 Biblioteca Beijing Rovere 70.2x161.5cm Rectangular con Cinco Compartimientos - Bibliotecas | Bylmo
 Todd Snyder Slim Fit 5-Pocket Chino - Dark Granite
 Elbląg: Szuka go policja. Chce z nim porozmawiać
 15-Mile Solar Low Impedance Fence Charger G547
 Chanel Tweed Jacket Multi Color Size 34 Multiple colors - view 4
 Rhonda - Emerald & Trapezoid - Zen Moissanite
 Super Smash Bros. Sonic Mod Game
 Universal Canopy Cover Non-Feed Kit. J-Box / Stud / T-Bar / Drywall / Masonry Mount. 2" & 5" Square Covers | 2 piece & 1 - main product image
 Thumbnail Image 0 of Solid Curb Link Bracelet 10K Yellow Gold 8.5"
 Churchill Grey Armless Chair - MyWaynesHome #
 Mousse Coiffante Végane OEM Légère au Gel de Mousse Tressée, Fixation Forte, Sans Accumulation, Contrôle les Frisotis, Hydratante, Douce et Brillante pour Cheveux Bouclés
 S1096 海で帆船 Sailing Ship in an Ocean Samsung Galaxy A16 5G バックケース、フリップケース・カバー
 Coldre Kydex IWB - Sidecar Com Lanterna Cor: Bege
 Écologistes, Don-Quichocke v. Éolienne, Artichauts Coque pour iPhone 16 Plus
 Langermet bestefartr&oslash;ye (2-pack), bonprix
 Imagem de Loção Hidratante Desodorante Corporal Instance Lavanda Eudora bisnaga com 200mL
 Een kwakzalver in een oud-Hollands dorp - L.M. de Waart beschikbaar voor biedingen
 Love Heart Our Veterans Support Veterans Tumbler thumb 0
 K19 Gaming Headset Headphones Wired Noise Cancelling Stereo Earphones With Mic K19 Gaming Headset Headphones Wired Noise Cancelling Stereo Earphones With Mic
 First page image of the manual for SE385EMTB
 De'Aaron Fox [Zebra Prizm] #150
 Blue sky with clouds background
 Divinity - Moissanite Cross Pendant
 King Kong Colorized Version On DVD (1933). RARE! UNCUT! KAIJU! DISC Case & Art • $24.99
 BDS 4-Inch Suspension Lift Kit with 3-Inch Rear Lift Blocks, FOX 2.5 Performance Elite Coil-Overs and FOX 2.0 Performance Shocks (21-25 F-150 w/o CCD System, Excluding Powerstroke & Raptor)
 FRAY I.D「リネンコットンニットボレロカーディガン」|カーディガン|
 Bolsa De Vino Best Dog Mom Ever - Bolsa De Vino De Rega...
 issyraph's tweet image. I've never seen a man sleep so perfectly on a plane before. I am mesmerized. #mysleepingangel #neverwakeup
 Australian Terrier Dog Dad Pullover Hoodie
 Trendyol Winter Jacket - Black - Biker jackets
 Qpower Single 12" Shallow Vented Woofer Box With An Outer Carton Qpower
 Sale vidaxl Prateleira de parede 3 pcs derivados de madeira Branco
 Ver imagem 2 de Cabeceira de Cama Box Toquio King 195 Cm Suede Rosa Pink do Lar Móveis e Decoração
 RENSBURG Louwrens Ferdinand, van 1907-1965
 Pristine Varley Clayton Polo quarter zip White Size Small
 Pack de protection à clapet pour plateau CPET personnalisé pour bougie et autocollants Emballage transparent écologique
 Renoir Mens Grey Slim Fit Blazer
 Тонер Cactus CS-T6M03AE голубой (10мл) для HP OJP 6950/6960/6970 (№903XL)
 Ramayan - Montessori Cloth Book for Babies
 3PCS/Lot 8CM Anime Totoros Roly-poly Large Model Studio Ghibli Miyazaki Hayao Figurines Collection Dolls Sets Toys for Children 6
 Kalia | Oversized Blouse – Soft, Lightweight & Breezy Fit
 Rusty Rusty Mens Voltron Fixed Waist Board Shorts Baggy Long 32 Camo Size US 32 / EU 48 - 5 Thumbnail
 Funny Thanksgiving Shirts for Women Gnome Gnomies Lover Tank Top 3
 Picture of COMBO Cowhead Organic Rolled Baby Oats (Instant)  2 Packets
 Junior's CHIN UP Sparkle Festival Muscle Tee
☆ ☆ ☆
● Task item:
Print the lines of the material, exactly and only, from the line that contains "Picture of COMBO" down to and including the final line.

● Solution below:
 Picture of COMBO Cowhead Organic Rolled Baby Oats (Instant)  2 Packets
 Junior's CHIN UP Sparkle Festival Muscle Tee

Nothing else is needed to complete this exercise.